**INPUT DATA:**

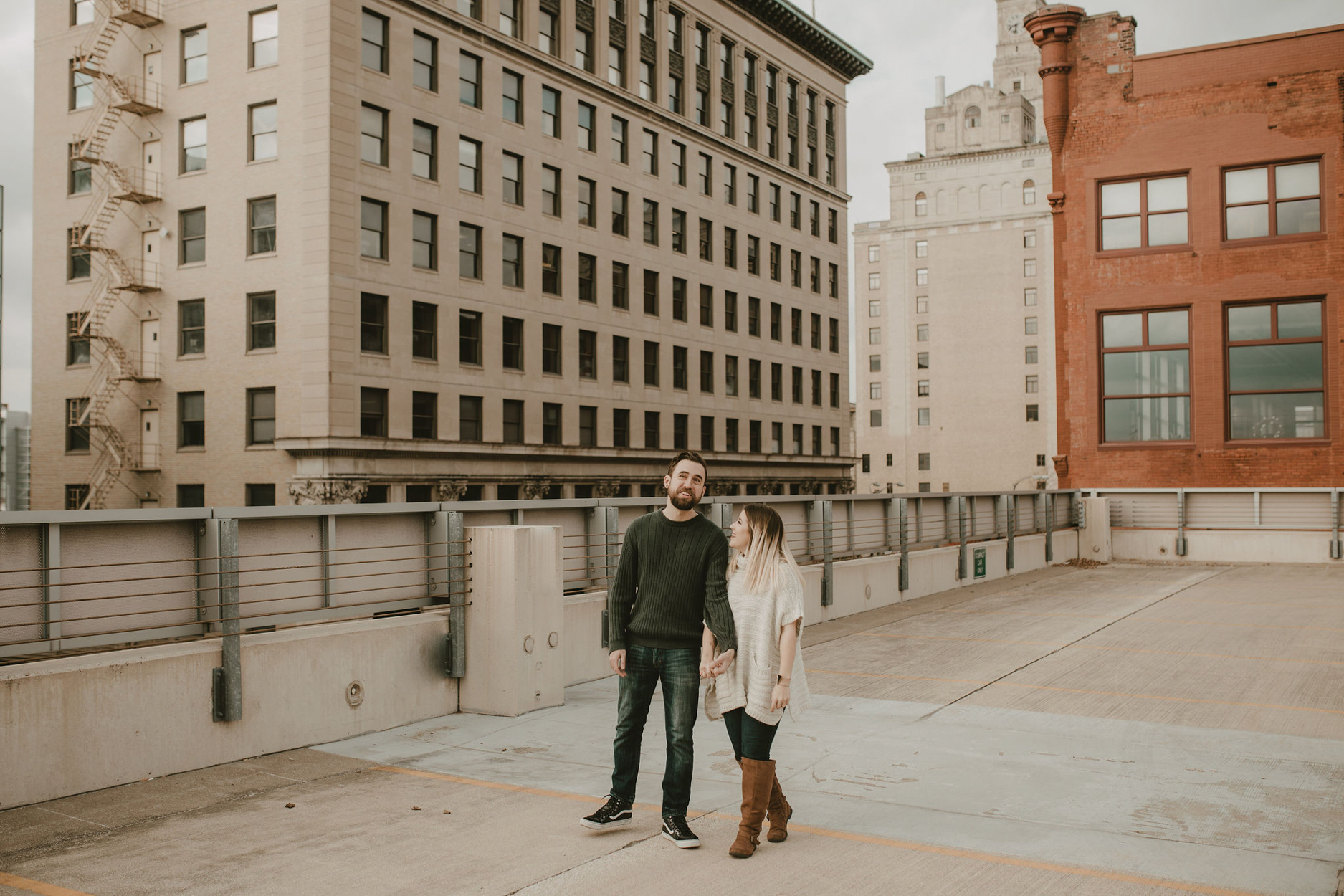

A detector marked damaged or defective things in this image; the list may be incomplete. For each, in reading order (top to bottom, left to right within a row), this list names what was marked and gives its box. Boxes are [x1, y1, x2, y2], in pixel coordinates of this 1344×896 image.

crack in concrete [914, 566, 1231, 730]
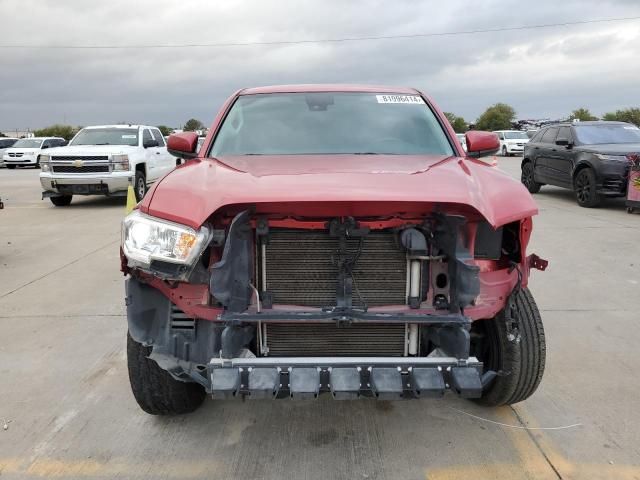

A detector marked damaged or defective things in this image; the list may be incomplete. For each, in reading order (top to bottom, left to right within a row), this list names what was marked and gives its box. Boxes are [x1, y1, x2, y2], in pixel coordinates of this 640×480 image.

damaged front end [122, 206, 544, 402]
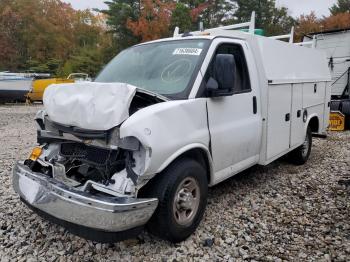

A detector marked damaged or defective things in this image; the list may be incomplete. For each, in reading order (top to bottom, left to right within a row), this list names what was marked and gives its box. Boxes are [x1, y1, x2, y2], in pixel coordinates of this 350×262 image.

deployed airbag [43, 82, 137, 130]
crumpled fender [119, 98, 212, 176]
damaged white truck [13, 17, 330, 244]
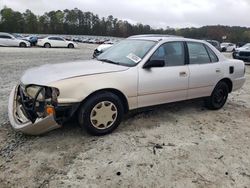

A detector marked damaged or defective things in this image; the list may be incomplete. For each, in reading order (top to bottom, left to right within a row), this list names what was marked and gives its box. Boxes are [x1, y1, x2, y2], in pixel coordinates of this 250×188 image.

damaged front bumper [8, 85, 62, 135]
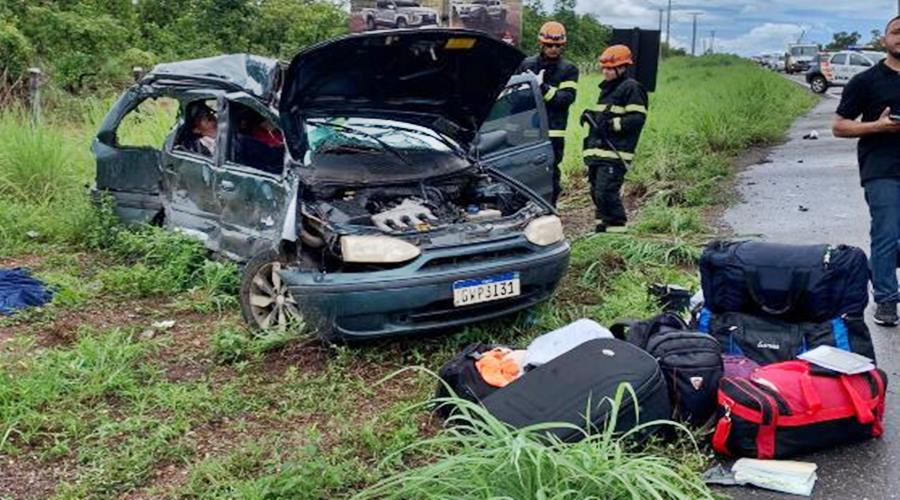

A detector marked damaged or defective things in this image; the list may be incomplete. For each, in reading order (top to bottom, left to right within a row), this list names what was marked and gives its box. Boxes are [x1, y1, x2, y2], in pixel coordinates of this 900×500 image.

broken car door [92, 87, 172, 224]
broken car door [158, 95, 223, 248]
broken car door [212, 93, 294, 262]
severely damaged car [93, 28, 568, 340]
broken car door [474, 77, 552, 202]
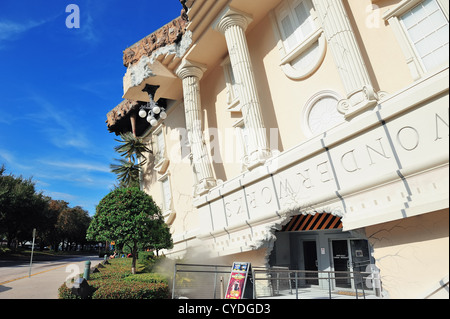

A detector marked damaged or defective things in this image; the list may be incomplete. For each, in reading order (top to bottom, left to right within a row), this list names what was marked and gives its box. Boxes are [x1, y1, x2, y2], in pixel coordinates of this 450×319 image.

cracked stucco wall [364, 210, 448, 300]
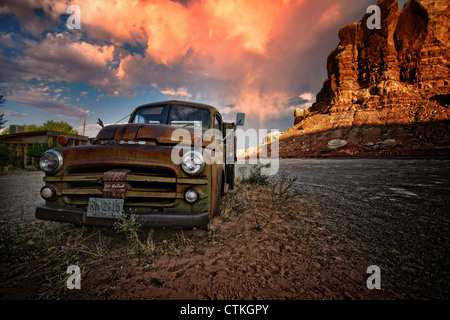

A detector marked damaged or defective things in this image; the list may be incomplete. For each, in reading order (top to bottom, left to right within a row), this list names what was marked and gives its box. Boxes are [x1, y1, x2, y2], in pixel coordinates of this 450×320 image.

rusty pickup truck [34, 99, 246, 228]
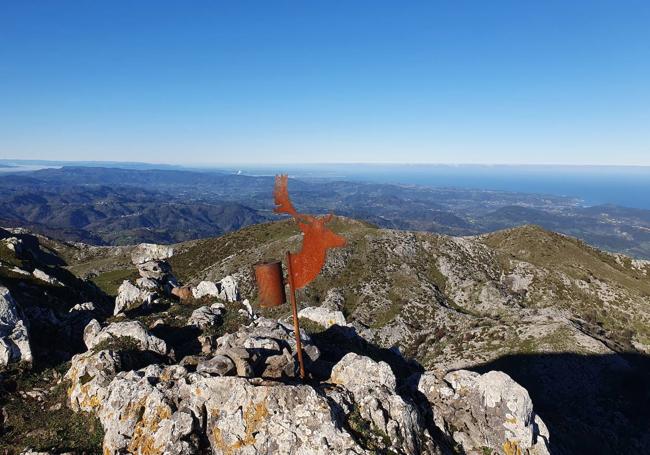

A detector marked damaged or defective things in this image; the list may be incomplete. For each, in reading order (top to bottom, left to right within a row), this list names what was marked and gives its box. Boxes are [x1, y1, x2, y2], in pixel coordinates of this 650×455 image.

rusty metal deer silhouette [272, 175, 344, 288]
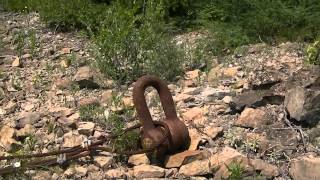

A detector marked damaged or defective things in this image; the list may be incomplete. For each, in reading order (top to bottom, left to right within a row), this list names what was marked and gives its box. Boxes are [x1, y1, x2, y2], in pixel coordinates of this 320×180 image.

rusty kettlebell [132, 74, 190, 162]
rusted metal hook [132, 74, 190, 162]
corroded metal [132, 75, 190, 162]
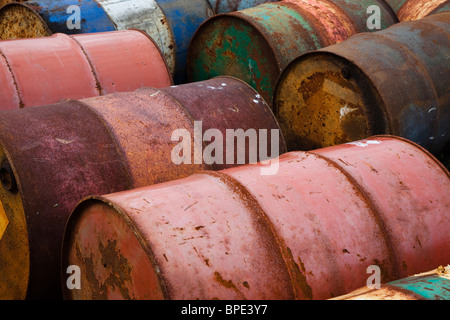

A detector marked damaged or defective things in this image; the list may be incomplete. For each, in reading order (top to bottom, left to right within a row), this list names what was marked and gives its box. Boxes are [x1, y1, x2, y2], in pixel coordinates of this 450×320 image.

rusty metal barrel [0, 30, 172, 110]
corroded metal surface [0, 30, 172, 110]
rusty metal barrel [0, 0, 214, 83]
rusty metal barrel [186, 0, 398, 107]
corroded metal surface [188, 0, 396, 107]
corroded metal surface [274, 13, 450, 156]
rusty metal barrel [274, 12, 450, 158]
corroded metal surface [384, 0, 448, 21]
rusty metal barrel [384, 0, 450, 21]
corroded metal surface [0, 77, 282, 300]
rusty metal barrel [0, 77, 284, 300]
corroded metal surface [61, 137, 448, 300]
rusty metal barrel [62, 136, 450, 300]
rusty metal barrel [332, 266, 450, 302]
corroded metal surface [332, 266, 450, 302]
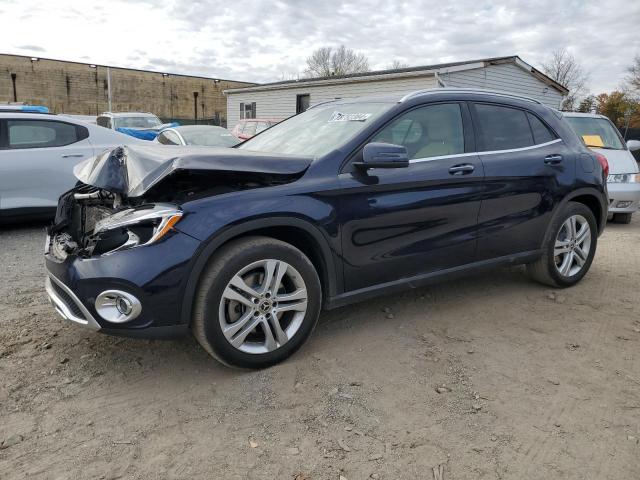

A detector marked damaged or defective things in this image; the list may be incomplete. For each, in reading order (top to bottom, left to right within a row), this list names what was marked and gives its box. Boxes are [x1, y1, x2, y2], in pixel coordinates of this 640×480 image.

crumpled hood [74, 143, 314, 198]
broken headlight [89, 202, 182, 255]
damaged front end [46, 144, 312, 260]
detached bumper piece [44, 274, 100, 330]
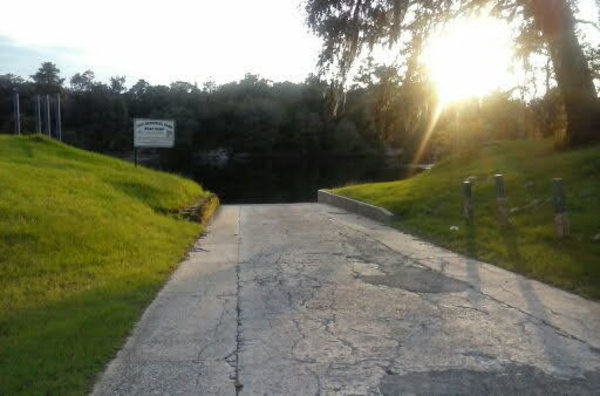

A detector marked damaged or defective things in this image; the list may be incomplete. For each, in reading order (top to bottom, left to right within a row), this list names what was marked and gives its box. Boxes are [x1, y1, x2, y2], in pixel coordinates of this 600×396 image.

cracked concrete pavement [92, 203, 600, 394]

**WORK INSTRUCTION:**
In the copy, leave out all pictures, and retype exactly each line from the one with "this 320×180 image." through the last line of the entries.

**TASK ANSWER:**
A detector marked damaged or defective things in this image; the list may be incomplete. For each, in reading order (top to bottom, left to right within a row), this list names what was marked and gives its box. Boxes are [x1, y1, x2, y2], in pixel coordinates of this 320×180 image.

rusty kettlebell [132, 74, 190, 162]
rusted metal hook [132, 74, 190, 162]
corroded metal [132, 75, 190, 162]

A detector marked damaged or defective things in this image; the list may be incomplete. For each, in reading order (top to bottom, left to right within a row), this list names what was marked and gives its box. Boxes are [x1, y1, x2, y2], in pixel coordinates of this 450×320 image.

rusty metal barrel [0, 30, 172, 110]
corroded metal surface [0, 30, 172, 110]
rusty metal barrel [0, 0, 214, 83]
rusty metal barrel [186, 0, 398, 107]
corroded metal surface [188, 0, 396, 107]
corroded metal surface [274, 13, 450, 156]
rusty metal barrel [274, 12, 450, 158]
corroded metal surface [384, 0, 448, 21]
rusty metal barrel [384, 0, 450, 21]
corroded metal surface [0, 77, 282, 300]
rusty metal barrel [0, 77, 284, 300]
corroded metal surface [61, 137, 448, 300]
rusty metal barrel [62, 136, 450, 300]
rusty metal barrel [332, 266, 450, 302]
corroded metal surface [332, 266, 450, 302]

A detector marked damaged or defective things in this image; the list may be incomplete. For each, in reading order (top to bottom, left to right within a row), this list names what was marked and gives its box. Boxes are [x1, y1, x2, y2], in pixel coordinates of this 640×480 image.

crumpled hood [74, 143, 314, 198]
broken headlight [89, 202, 182, 255]
damaged front end [46, 144, 312, 260]
detached bumper piece [44, 274, 100, 330]

A detector marked damaged or defective things in this image; the list may be incomplete. For each, in reading order (top to bottom, left to right within a row), this list names what was marked and gives its box. Boxes are [x1, y1, x2, y2], in pixel coordinates of this 600×396 image.

cracked concrete pavement [92, 203, 600, 394]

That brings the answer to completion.